Focus Modes: Auto, Macro, Hyperfocal, Infinity, Manual.

AF Assist lamp.

Close Focus: 16" normal mode, 4" in macro mode (at wide setting)

LCD SCREEN: 2.5," blindingly bright and auto-adjusting. 480 x 240 resolution (115,200 pixels).

SIZE: 2.39 x 3.75 x 0.78" rated, excluding projections.

WEIGHT: 4.16 oz, stripped naked.

POWER: Li-ion battery recharged in external charger.

PRICE: $249 MSRP, September 2006.

PERFORMANCE

LCD Screen: 2.5," bright enough to use outdoor in direct sunlight. It's a tiny bit red, coarse, and has a little less contrast than screens on more expensive cameras.

LENS

The lens is tinier than other compact cameras. It's wonderfully sharp, but will get soft and have more chromatic aberration than more expensive cameras in the corners.

Distortion: The lens has more distortion than other cameras at the mid and tele positions. It corrects perfectly in Photoshop CS2's lens distortion filter using these figures:

+4 at 6.3mm wide, -2.5 at 10.4mm mid, -4 at 14.5mm, -3.0 at 18.9 (tele)

MECHANICS: Its case is aluminum and the buttons are mostly plastic. The EX-Z70 I used was made in China.

PICTURE QUALITY: The lens is sharp, but has a lot of distortion if you care. It corrects easily in Photoshop CS2's lens distortion filter. It can get soft in the corners. TIP: The default sharpening is harsh. I prefer the sharpness set to -1 and the saturation set to +1.

COLOR and EXPOSURE: Color is fine, but be careful sure not to overexpose. Like most compacts, the EX-Z70 tends to err towards overexposure. I set my L/R nav buttons to exposure compensation, so with the real-time YRGB histogram it's easy to get perfect exposure.

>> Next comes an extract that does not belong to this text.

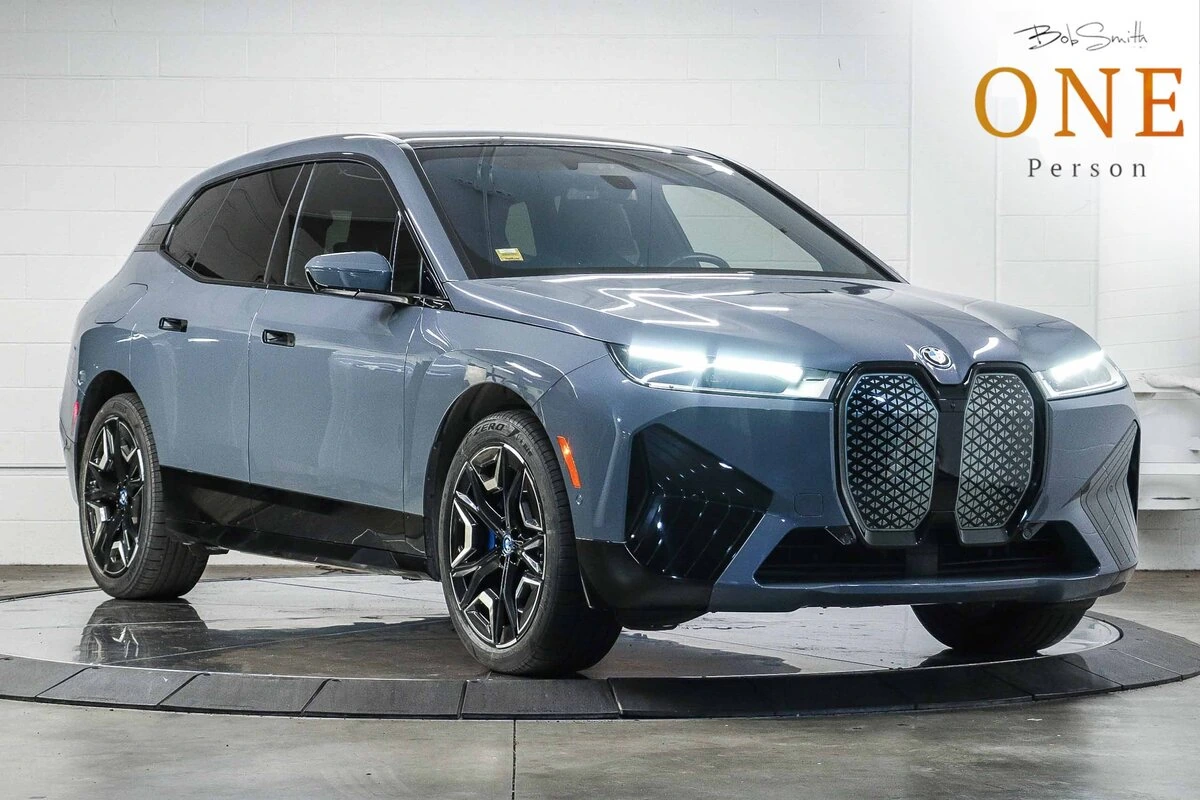 2024 BMW iX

WHITE BALANCE: The EX-Z70 has the best Auto White Balance of any camera I've used to date, including multi-thousand dollar DSLRs. It gives perfect results even under tungsten light. It sets perfectly even under residential indoor tungsten. The EX-Z70 doesn't look orange like every other camera does on AWB indoors.

FLASH RECYCLE TIME: It still takes a while, just like the other Casios. If you shoot a lot of people photo with flash you'll be happier with a Canon SD550 or SD700., since they don't make you wait as long for the flash to recharge.

VIDEO

Video is OK. The default image size is only 512 x 384, not 640 x 480.

10 second clips have file sizes of:

LP: 2.9 MB (320 x 240 @ 15 fps)

NORMAL: 7.5 MB (512 x 384 @ 30 fps)

HQ: 12.9 MB (640 x 480 @ 30 fps)

File size is big but the files are easy to read on most computers. The EX-Z70 uses the simple motion JPEG format, which wastes a lot of file space compared to the more advanced (but unrelated) MPEG formats. Motion JPEG makes no use of motion vectors and is not as efficient for encoding video. The Casio EX-Z850, EX-Z750 and EX-S600 make the same 10 second file with Normal quality only using 2.7 MB of file space, and those cameras have higher video resolution as well (640 x0 480 vs. 512 x 384).

BATTERY LIFE: I haven't killed it yet after 200 shots on my first charge.

DATA:

Transfer: slow: 25 seconds to transfer 20 MB or 14 photos. it's only the old USB 1.1 standard (12 Mb/s, not 480 Mb/s!) This drives me nuts and is why I suggest other cameras with fast transfer times like the Casio EX-S600, Canon SD550 or Canon SD700.

Formatting: My 1GB 32x Lexar SD card reformats in 10 seconds. My 2 GB Sandisk Extreme II reformats in 6.3 seconds. My old 256MB Sandisk blue card formats in a couple of seconds.

Best Shot Editor

Hackers will want to try this to create and edit their own best shot modes.

RECOMENDATIONS

The EX-Z70 is a swell camera that's easy to love. It weighs the same as the higher-end cameras, but has a little bigger size. This means it's less dense, and feels like it weighs less in your pocket.

It looks great and works wonderfully. I'd be all over it, except that at $249 it's very close in price to much better models. if your budget is $249 then go for it. If you have $299, go for a Casio EX-S600 or Canon SD550.